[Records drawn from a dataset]
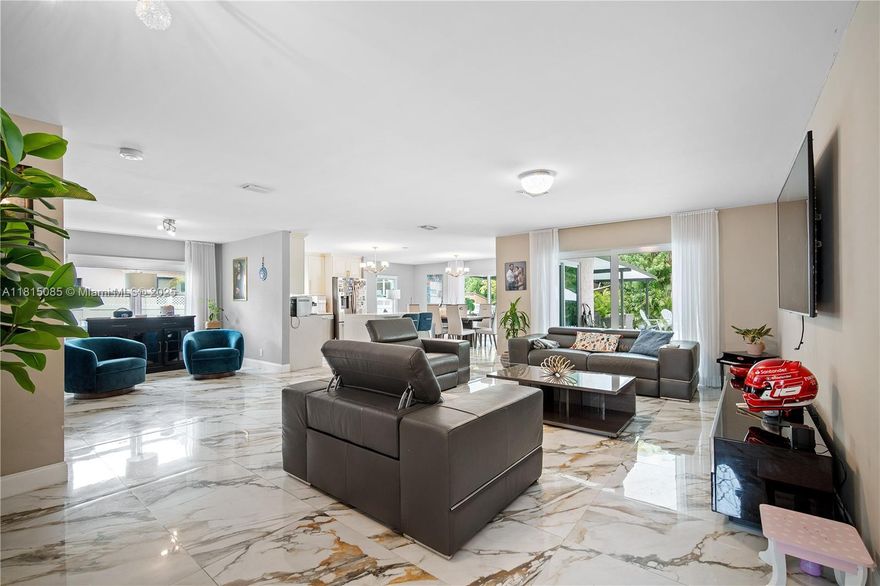 4-bedroom 2-bath Single Family Home with two garage, pool & canal. Located in the heart of Coral Springs.  Circular driveway can easily park 8+ cars. Gated front porch for private enjoyment. Upon Entrance, your greeted with a seamless open floorplan. New large format tile flooring throughout the main areas. Spacious Livingroom & dining with lots of natural lighting. All impact windows with sliding blinds as an added feature. Renovated kitchen with unique finishes & stainless appliances. Down the hallway is your bedrooms with wood flooring and updated baths. Washer/Dryer in the garage. BRAND New A/C. Fully fenced backyard with pool, brand-new Gazebo & pool deck. Great Location! Close to Sawgrass Exp, Golf course, local shops & parks. EASY TO SHOW! Call for an exclusive showing!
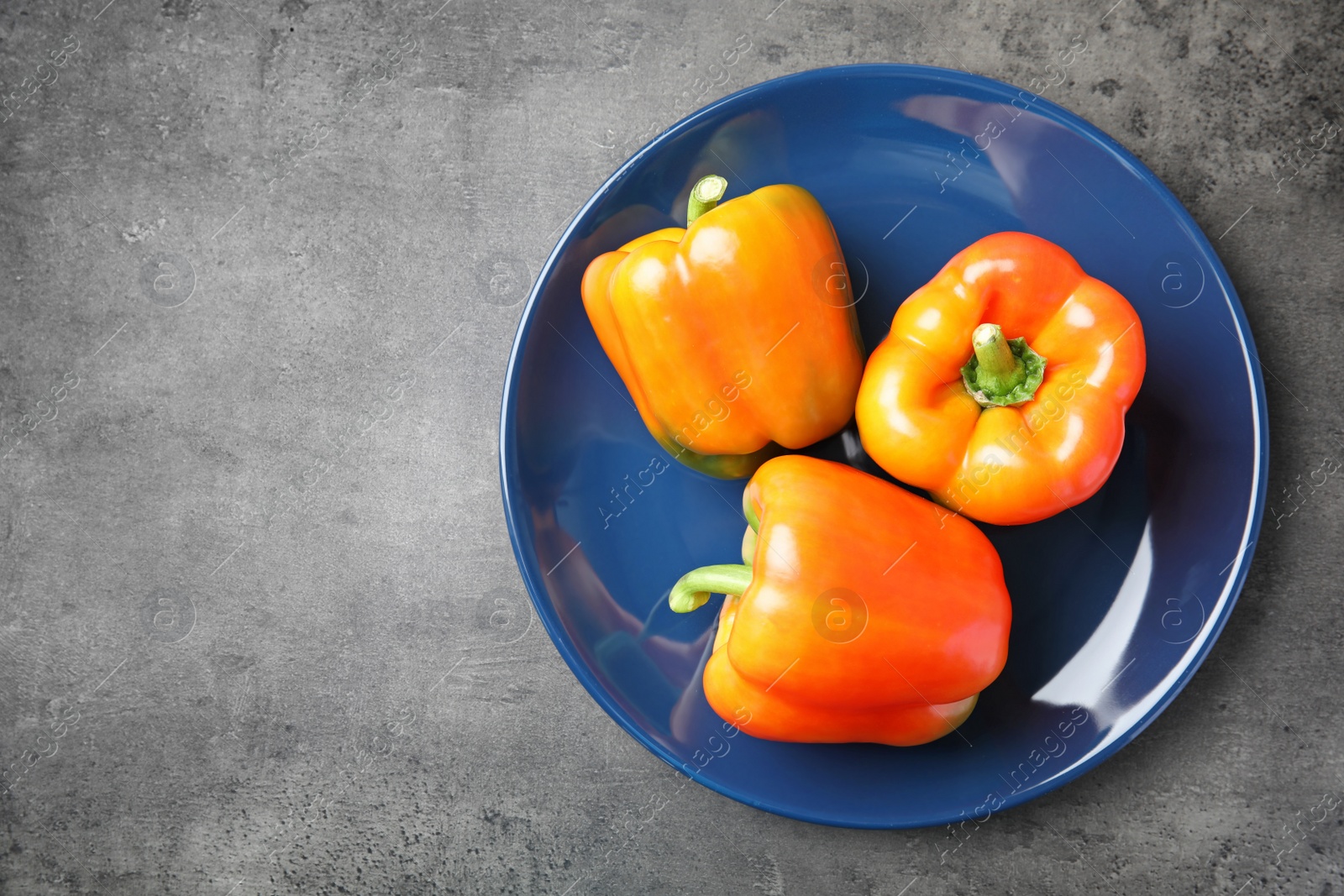 Photo of Plate with ripe paprika peppers on grey background, top view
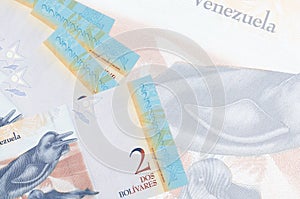 2 Venezuelian bolivar bills lies in stack on background of big semi-transparent banknote. Abstract business background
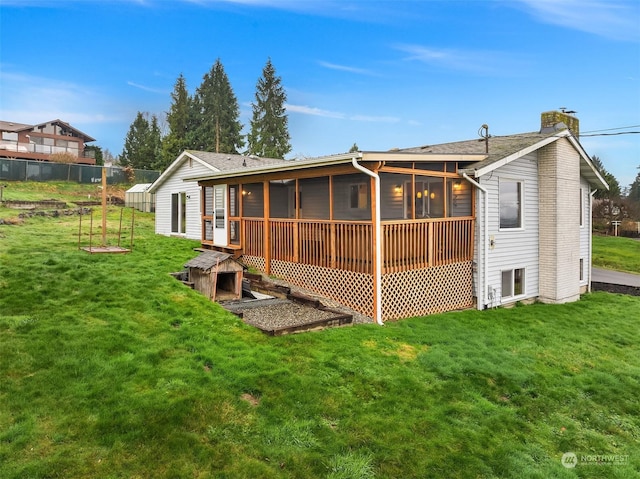 back of property featuring a lawn and a sunroom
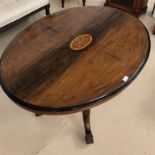 A mahogany inlaid breakfast table on four legs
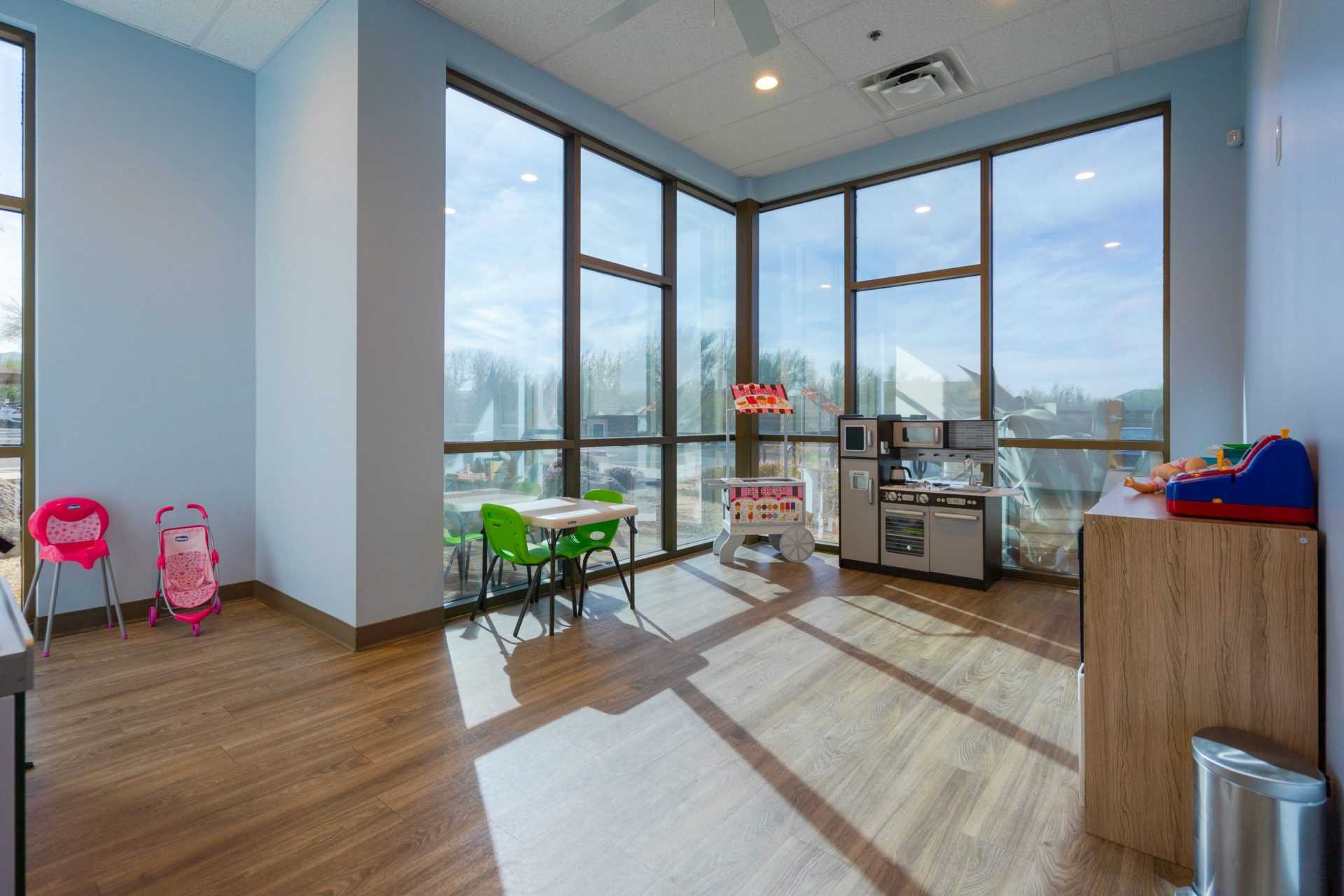 a playroom of the Scottsdale Children's Institute featuring tables and chairs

• Work to be completed:
Each line of the data above must be repeated exactly, images excluded.

• Written reply:
 4-bedroom 2-bath Single Family Home with two garage, pool & canal. Located in the heart of Coral Springs.  Circular driveway can easily park 8+ cars. Gated front porch for private enjoyment. Upon Entrance, your greeted with a seamless open floorplan. New large format tile flooring throughout the main areas. Spacious Livingroom & dining with lots of natural lighting. All impact windows with sliding blinds as an added feature. Renovated kitchen with unique finishes & stainless appliances. Down the hallway is your bedrooms with wood flooring and updated baths. Washer/Dryer in the garage. BRAND New A/C. Fully fenced backyard with pool, brand-new Gazebo & pool deck. Great Location! Close to Sawgrass Exp, Golf course, local shops & parks. EASY TO SHOW! Call for an exclusive showing!
 Photo of Plate with ripe paprika peppers on grey background, top view
 2 Venezuelian bolivar bills lies in stack on background of big semi-transparent banknote. Abstract business background
 back of property featuring a lawn and a sunroom
 A mahogany inlaid breakfast table on four legs
 a playroom of the Scottsdale Children's Institute featuring tables and chairs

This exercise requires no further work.